La croissance est obsolète

La croissance est obsolète


Par James Howard Kunstler - Kunstler.com







Le mot qui ne sort pas de l'esprit de ceux qui aiment cogiter sur des problèmes économiques est ‘croissance’. Celle-ci est devenue extrêmement problématique au cours de ces dernières années, notamment à mesure que la population mondiale s’élargit et que l’écologie s’en trouve affectée. Souvenons-nous que Thomas Carlyle (1785-1881) surnommait l’économie la ‘science sombre’ en référence aux travaux de Thomas Malthus, parce que la conclusion Malthusienne était pour le moins pessimiste : tôt ou tard, le gonflement de la population mondiale dépasserait la capacité de la planète à satisfaire ses besoins.

Il se trouve que l’essai du Révérend Malthus, intitulé Essay on the Principle of Population, a été publié pour la première fois en 1798, juste au moment de la révolution industrielle. Ce mélodrame extravagant liait le développement de l’invention mécanique et l’énergie fossile. Le premier développement a été alimenté par le charbon et a permis à la population de s’élargir parce qu’il permettait aux nations colonialistes de poursuivre leur extraction de ressources. Et puis est apparue la production de pétrole, plus puissant et plus versatile que le charbon. Il était notamment plus utile que le charbon dans la mesure où il était convertible en nourriture. Le pétrole a permis de faire fonctionner des machines agricoles, mais aussi à la création d’herbicides, de fertilisants et d’insecticides à base de pétrole et de gaz (un dérivé du pétrole), et au transport de marchandises sur de longues distances… C’est lui qui a permis au nombre d’humains sur Terre de passer de 2 milliards dans les années 1900 à plus de 7 milliards aujourd’hui.

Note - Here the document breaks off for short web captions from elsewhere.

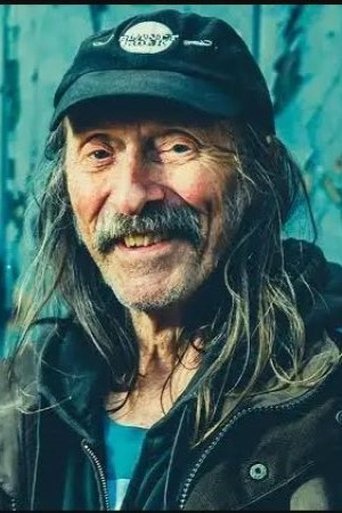 Portrait of Dave Brock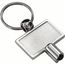 Schlüsselanhänger mit Heizungsentlüftungsschlüssel (silber) (Art.-Nr. CA829018)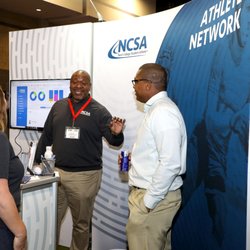 NCSA College Recruiting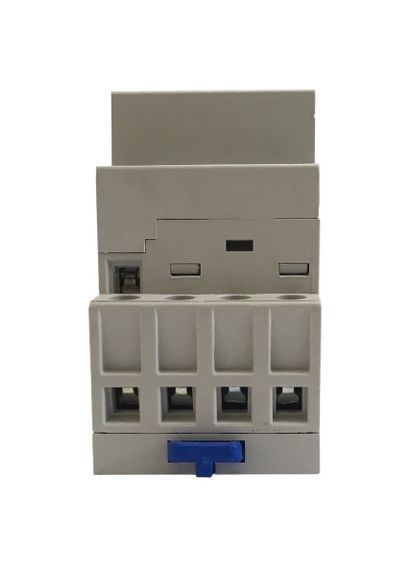 Контактор модульный КМ-2-20-22 20А 230AC 2NO-2NC 4р 2мод. Ny95503869 | Зображення 5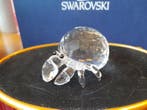 Swarovski - Beeldje - Hermit Crab - 674587 - Boxed - Kristal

Alors que le pic pétrolier est derrière nous, nous nous trouvons aujourd’hui dans la troisième phase de ce mélodrame. Malgré la propagande qui s’empare des médias, nous sommes désormais face au point problématique de toute cette histoire : la fin du pétrole peu cher. Le public ne le comprend pas encore, et il faut croire que ce soit également le cas des spécialistes de la politique, des entreprises et des médias. Personne ne comprend ce qui se passe parce que tout le monde continue de croire que le pic pétrolier fait référence au moment où il n’y aura plus de pétrole du tout. Mais ce n’est pas vrai. Tout n’est question que de la capacité économique d’extraire du pétrole des entrailles de la Terre – à un prix que nous puissions supporter en termes de capital et d’énergie investis (mais aussi de destruction écologique). Cette dynamique exerce désormais une influence très importante sur la civilisation moderne. Nous nous efforçons de l’ignorer – même parmi les intellectuels – parce que nous ne savons pas comment gérer nos complexes opérations de la vie de tous les jours sans lui, et parce que les manifestations de cette dynamique se présentent en premier lieu dans la sphère financière, dominée par des vizirs économiques et des opportunistes qui bénéficient d’une dissimulation de réalité.


Ce qu'il y a de plus triste est que le pétrole est désormais trop cher pour permettre à l’économie et à la population de continuer de s’étendre. Un pétrole cher renverse la structure de coût du système sur lequel nous nous reposons pour notre vie de tous les jours : moyens de transport, commerce, production de nourriture, gouvernement… Un pétrole cher détruit notamment la structure de coût du système bancaire et financier parce qu’il est impossible de générer assez de richesses pour rembourser la dette accumulée, et que le crédit ne peut être étendu sans que plus de richesses soient créées pour le rembourser. Tout au long de l’ère industrielle, notre monnaie n’a fait que devenir de plus en plus abstraite et complexe. Comme Chris Martenson l’a expliqué succinctement dans The Crash Course, la monnaie est créée en étant prêtée. Ainsi, la croissance de la dette (qui permet la croissance de la monnaie) a joué un rôle crucial dans nos opérations bancaires, et le mot ‘croissance’ est devenu la manière de faire référence à ce processus dans notre univers économique actuel.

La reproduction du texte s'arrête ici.